It's a big money-maker for the non-profit group.
"It's the only one we've got and we support the legion baseball program," Herrin said.
Fireworks sales also funds scholarships. The American Legion historically provided four $1,000 scholarships annually for high school kids.
"We had our biggest years at some times right here in this same identical spot," Herrin said.
But that ended with Omaha's annexation of Elkhorn because selling fireworks in Omaha wasn't legal. The American Legion moved it's stand three miles west to Waterloo for the next few years but sales suffered and so did the programs they fund.
"We went in the red three years in a row," Herrin said. "We didn't even give legion baseball money any of those years because we just didn't have it."
April Scott of the Order of Eastern Star, a service organization aimed at helping kids, also saw dwindling finances.
"Especially our band scholarships and academic scholarships we've had to cut back and we want to get them going again because since there's two Elkhorn High Schools," she said. "We want to add to those so we can give a scholarship to each school."
Seventeen-year-olds Sam Moore and Justin Coco are teammates on Elkhorn's Legion baseball team. They understand how fireworks sales directly benefits them.
"It's really important because it gives us something to do and it keeps us from getting really bored and keeps us active," Moore said.
"There's a lot of stuff that has to be paid for like field maintenance and everything and without these fireworks we wouldn't be able to pay for all that," Coco said.
Todd Beaumont could have bought fireworks anywhere but he chose to spend his money at the Elkhorn Legion's stand.
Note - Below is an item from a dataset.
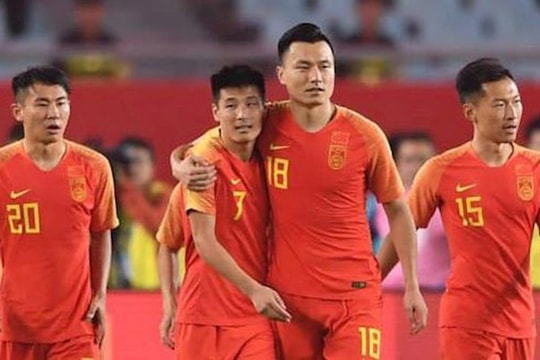 Đội tuyển Trung Quốc -  'người xông đất' sân cỏ Việt Nam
"I run the Elkhorn location Jensen Tire and Elkhorn is known as a pretty tight knit community and I just thought it was best to give back to the community I'm working in," he said.
Herrin said the return to Elkhorn has already proven profitable.
"We're doing better than we had some other years," he said.
Herrin said one problem he'd like to change in the Omaha city ordinance centers around being able to operate the fireworks stand every year.
Non-profit groups have to be awarded a permit annually by the city.
There's no guarantee a permit will be issued year after year.
Herrin said that could mean tying up money now for a stand next year that may not happen.